Data provided START
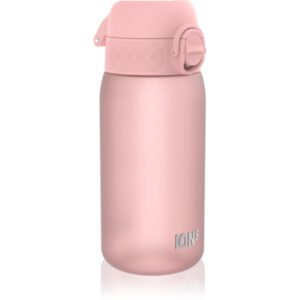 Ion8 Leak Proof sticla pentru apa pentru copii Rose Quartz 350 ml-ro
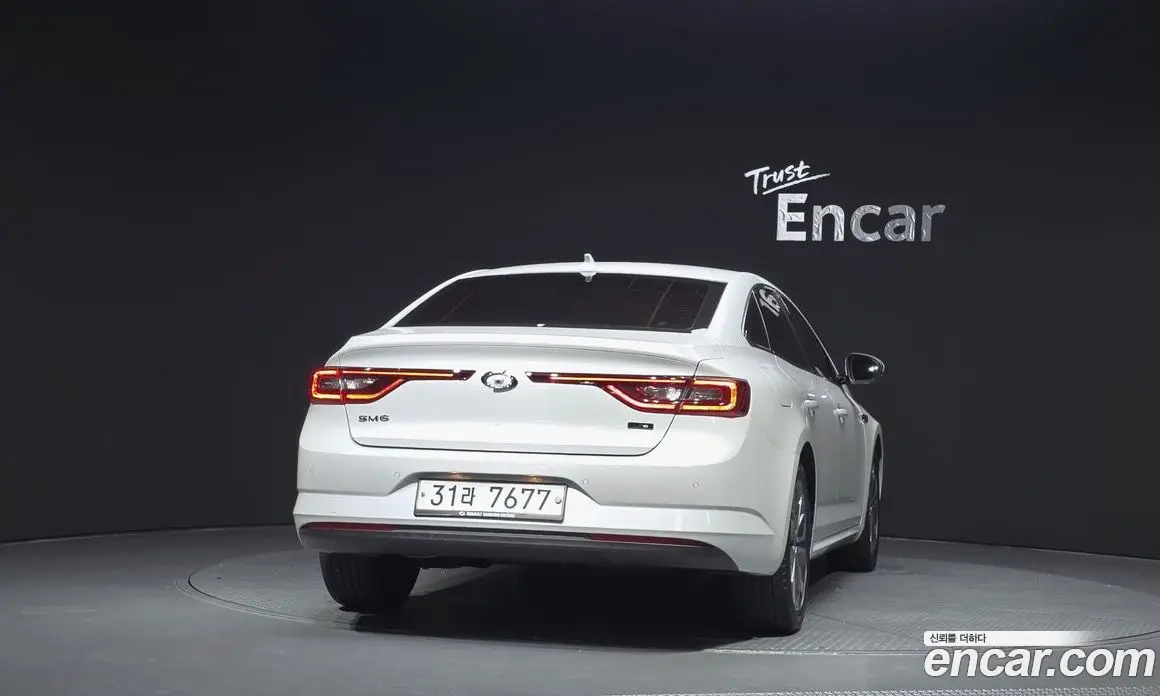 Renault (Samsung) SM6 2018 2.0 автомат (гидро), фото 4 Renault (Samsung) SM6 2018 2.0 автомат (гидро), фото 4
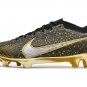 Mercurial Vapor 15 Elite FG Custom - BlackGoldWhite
Data provided END
Data provided START
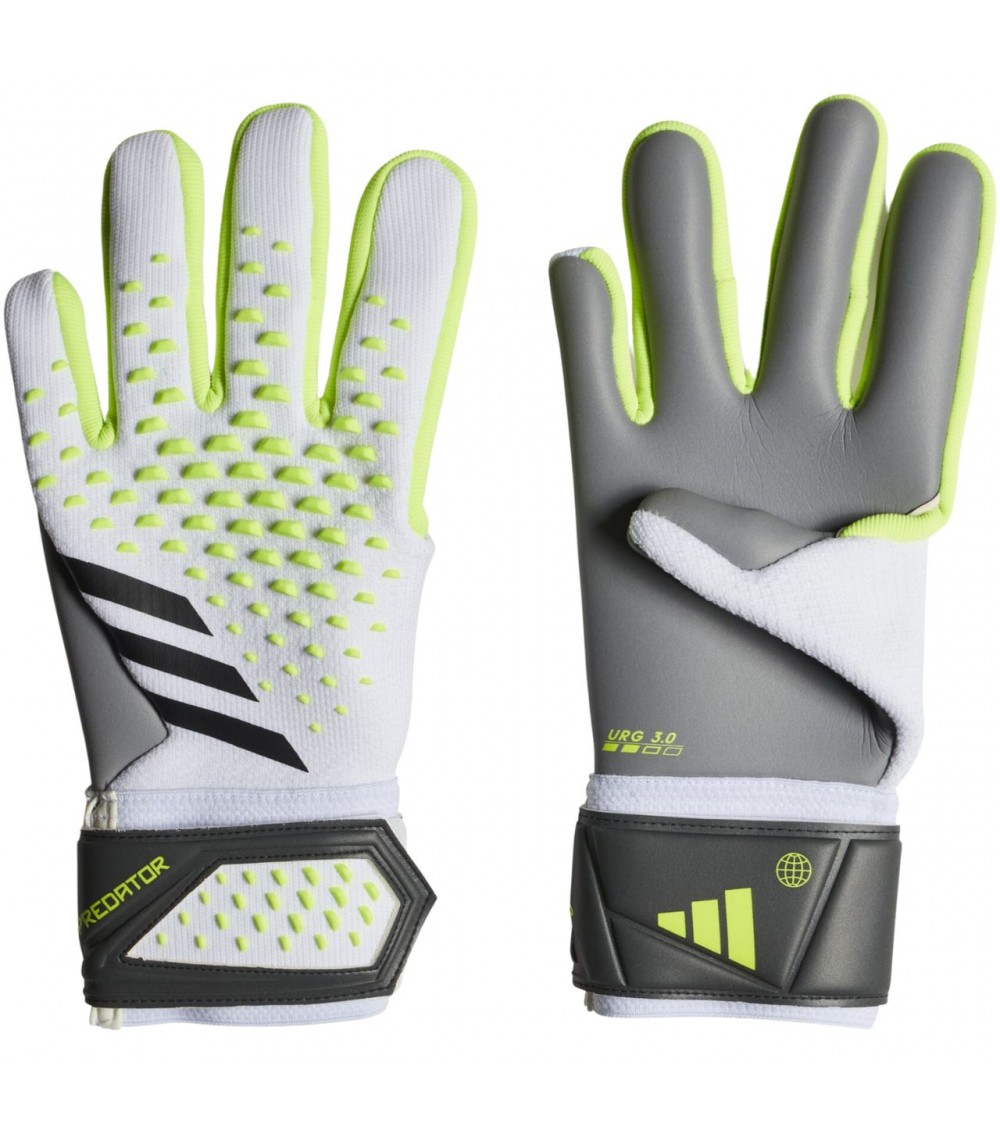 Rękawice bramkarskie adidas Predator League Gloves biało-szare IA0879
Data provided END
Data provided START
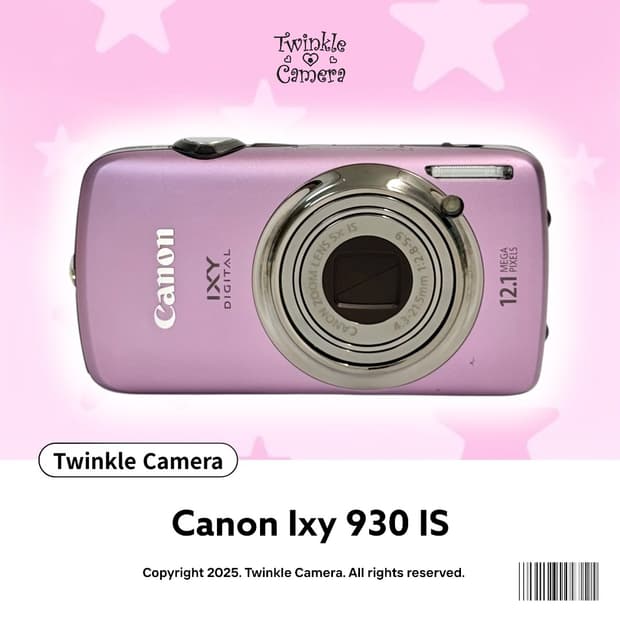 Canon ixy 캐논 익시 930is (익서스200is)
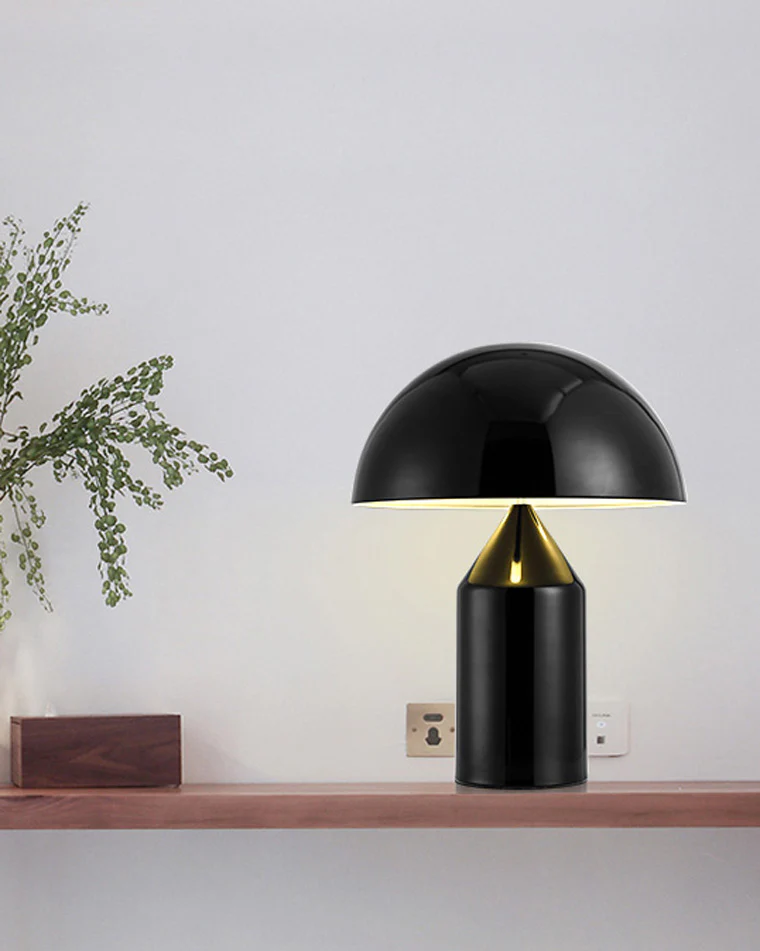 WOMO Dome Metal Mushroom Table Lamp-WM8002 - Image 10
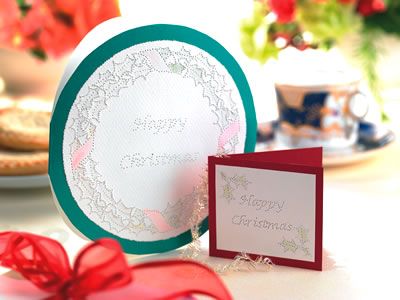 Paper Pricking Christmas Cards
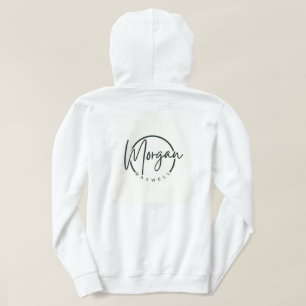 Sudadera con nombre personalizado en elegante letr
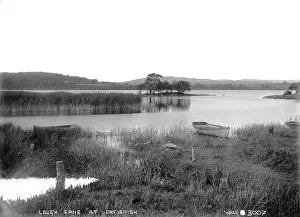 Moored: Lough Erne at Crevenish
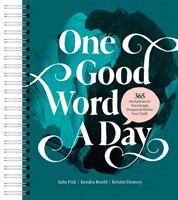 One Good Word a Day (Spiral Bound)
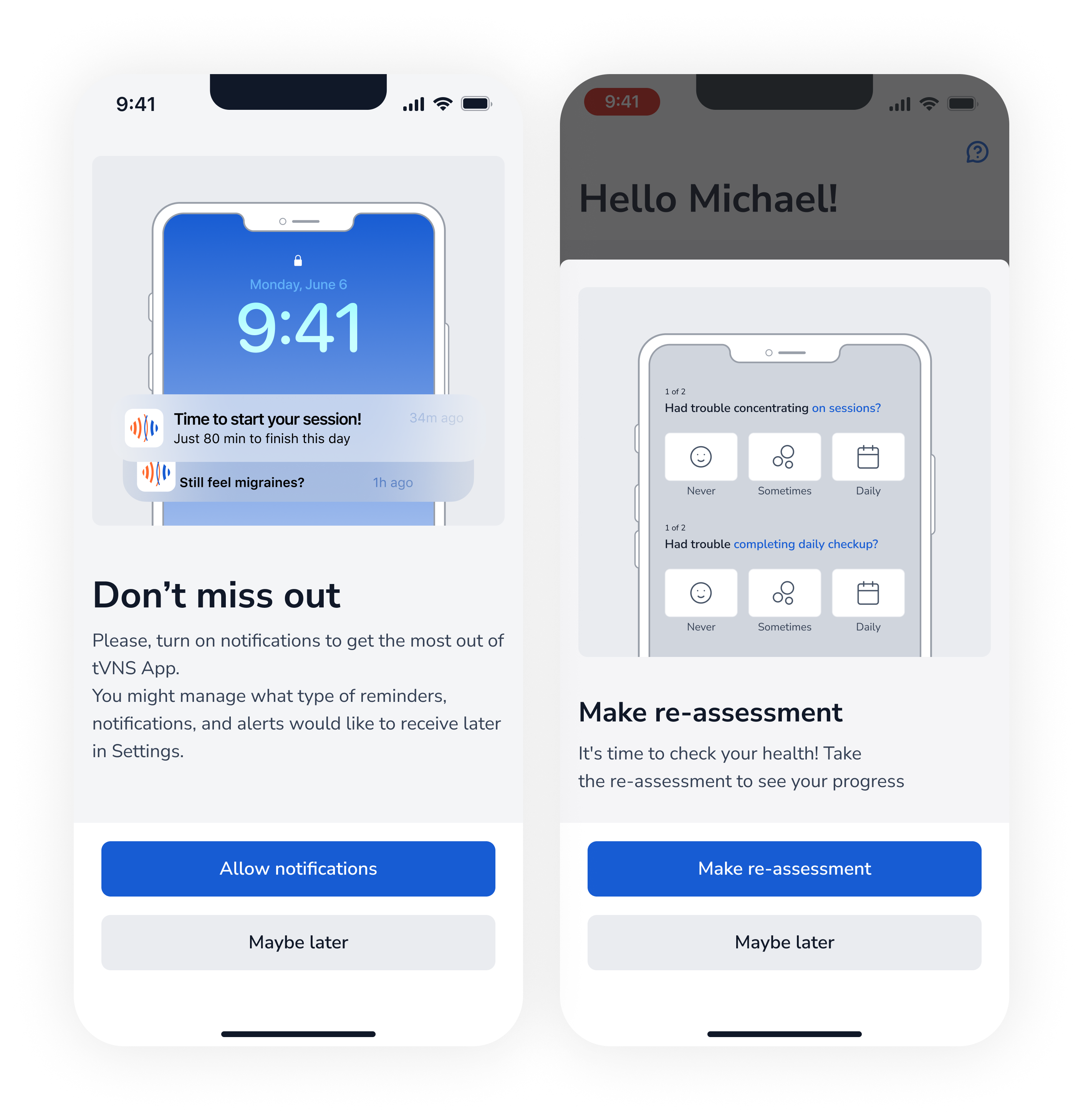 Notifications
Data provided END
_Aim of the task_
Although pictures appear among the entries, please set down only the lines from the one with "Ion8 Leak Proof" up to and including the one with "Mercurial Vapor 15", word for word.

_Result for this task_
 Ion8 Leak Proof sticla pentru apa pentru copii Rose Quartz 350 ml-ro
 Renault (Samsung) SM6 2018 2.0 автомат (гидро), фото 4 Renault (Samsung) SM6 2018 2.0 автомат (гидро), фото 4
 Mercurial Vapor 15 Elite FG Custom - BlackGoldWhite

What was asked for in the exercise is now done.